Missed this earlier ...
A series to remember -
This is the series where everything happens. Overtimes. Ben Gordon and Ray Allen. Derrick Rose and Rajon Rondo. Goose bumps. And now, a best two-out-of-three scenario, thanks to the Bulls' 121-118 double-overtime win at the United Center on Sunday afternoon.
This series is tighter than spandex on Glen "Big Baby" Davis. Three of the first four games have been decided by a combined eight points. Two of the games have already wandered into overtime. If this thing gets any more exciting, the league will have to issue defibrillators to ticket holders.
"In the playoffs you've got to learn how to forget quick,'' said the Celtics' Paul Pierce.
Speak for yourself.

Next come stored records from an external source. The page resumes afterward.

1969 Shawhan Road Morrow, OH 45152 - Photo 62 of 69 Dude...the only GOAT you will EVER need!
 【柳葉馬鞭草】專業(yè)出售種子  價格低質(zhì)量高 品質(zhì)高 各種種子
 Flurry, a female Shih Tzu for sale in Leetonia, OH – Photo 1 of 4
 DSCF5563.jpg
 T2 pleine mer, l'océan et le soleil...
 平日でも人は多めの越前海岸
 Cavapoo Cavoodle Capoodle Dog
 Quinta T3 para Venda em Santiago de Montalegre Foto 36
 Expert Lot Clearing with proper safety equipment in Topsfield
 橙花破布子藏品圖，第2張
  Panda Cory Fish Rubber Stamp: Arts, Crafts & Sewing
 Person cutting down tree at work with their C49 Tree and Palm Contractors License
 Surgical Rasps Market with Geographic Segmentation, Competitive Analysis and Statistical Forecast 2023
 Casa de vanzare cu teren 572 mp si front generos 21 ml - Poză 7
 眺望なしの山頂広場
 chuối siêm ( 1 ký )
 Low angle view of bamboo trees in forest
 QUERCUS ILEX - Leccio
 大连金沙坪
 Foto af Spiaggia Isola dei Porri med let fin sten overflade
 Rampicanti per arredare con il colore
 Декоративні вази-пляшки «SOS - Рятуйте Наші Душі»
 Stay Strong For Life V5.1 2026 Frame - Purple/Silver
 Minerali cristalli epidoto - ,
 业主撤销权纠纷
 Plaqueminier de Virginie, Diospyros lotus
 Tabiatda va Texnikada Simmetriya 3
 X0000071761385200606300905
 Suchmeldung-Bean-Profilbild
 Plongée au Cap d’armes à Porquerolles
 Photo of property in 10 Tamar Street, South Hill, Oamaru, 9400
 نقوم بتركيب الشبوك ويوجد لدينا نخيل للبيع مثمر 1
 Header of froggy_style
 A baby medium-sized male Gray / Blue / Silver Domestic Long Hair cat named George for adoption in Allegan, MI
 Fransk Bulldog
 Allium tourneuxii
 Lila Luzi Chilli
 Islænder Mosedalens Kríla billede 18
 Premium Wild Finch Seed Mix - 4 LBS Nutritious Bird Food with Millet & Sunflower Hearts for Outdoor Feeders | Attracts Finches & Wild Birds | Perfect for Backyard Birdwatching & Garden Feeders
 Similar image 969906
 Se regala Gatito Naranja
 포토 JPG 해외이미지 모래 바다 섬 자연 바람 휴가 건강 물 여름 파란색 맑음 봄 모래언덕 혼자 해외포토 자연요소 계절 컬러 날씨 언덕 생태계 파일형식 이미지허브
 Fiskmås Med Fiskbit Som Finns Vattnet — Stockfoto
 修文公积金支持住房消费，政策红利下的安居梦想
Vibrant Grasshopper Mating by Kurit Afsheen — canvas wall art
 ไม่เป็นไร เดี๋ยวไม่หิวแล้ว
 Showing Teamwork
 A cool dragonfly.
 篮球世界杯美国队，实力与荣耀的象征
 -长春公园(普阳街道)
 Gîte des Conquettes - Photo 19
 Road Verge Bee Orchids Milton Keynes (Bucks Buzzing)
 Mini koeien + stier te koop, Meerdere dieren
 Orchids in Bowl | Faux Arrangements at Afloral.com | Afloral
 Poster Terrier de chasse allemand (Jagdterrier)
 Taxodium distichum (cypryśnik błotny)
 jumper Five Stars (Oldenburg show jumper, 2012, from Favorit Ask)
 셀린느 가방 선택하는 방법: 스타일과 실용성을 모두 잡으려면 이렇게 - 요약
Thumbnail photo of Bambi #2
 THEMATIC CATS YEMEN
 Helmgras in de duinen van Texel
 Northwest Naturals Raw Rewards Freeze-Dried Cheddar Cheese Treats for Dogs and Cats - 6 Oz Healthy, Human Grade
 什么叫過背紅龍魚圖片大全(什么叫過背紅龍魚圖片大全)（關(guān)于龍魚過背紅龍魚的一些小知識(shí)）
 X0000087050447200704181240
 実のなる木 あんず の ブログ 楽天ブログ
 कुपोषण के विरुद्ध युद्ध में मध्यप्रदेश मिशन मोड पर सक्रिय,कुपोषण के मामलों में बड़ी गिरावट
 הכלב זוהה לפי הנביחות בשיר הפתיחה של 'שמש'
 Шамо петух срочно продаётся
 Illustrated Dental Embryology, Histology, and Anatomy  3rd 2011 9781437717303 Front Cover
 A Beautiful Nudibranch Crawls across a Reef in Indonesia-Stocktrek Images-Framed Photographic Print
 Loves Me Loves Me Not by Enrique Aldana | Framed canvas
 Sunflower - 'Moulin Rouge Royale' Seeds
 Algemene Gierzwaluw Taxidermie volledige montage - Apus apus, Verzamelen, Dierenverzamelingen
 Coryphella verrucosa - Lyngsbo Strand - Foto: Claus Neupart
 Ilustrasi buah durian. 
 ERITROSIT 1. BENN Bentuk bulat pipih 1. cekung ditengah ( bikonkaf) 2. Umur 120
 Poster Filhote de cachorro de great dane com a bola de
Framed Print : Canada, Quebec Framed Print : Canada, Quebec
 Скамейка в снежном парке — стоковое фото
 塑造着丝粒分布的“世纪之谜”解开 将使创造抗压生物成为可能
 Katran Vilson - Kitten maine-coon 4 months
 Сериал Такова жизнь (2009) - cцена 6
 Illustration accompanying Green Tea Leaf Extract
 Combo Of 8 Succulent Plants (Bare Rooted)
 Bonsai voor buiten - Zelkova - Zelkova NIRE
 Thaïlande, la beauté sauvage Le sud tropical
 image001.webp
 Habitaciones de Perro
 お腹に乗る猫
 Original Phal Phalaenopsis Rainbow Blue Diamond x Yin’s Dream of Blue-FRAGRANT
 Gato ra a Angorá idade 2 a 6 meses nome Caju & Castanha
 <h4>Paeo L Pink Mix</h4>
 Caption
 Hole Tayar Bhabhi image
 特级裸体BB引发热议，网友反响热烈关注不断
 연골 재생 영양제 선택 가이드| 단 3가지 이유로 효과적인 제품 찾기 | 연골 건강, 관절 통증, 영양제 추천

We want to remember every delicious detail of this series, especially Sunday's Game 4, which gets the instant classic limo treatment Monday on the mothership network (ESPN Classic, 5 p.m. ET).
And if there's such a thing as an opening-round classic, then the Bulls-Celtics qualifies. It's the series that keeps giving, thanks to the Bulls' rookie point guard Rose, the Celtics' third-year point guard Rondo, the veteran guards -- the Bulls' ridiculously fearless Gordon, the Celtics' shaved-headed assassin Allen. It's the series you don't want to see end -- and it might not for another three games.
"Maybe we like Chicago a lot,'' said Celtics coach Doc Rivers, who was born and raised here. "Maybe we want to come back. The pizza's frickin' good.''
Might be subtle, almost unnoticed mistakes, but VdN keeps making them -
Check out these situations:
With 1:06 left and the game tied at 91, Boston's Ray Allen is shooting a free throw, while Del Negro stands poised to call timeout afterward (we can presume this because he ended up calling timeout seven seconds later when the Bulls finally got the ball).
In other words, the only play that could possibly happen between the free throw and the timeout is a defensive rebound situation. But instead of subbing in Brad Miller or Tyrus Thomas, Del Negro left John Salmons as the "big man" on the block. Rajon Rondo went around him to grab the offensive rebound, and only a tripping foul seconds later on Kendrick Perkins averted disaster.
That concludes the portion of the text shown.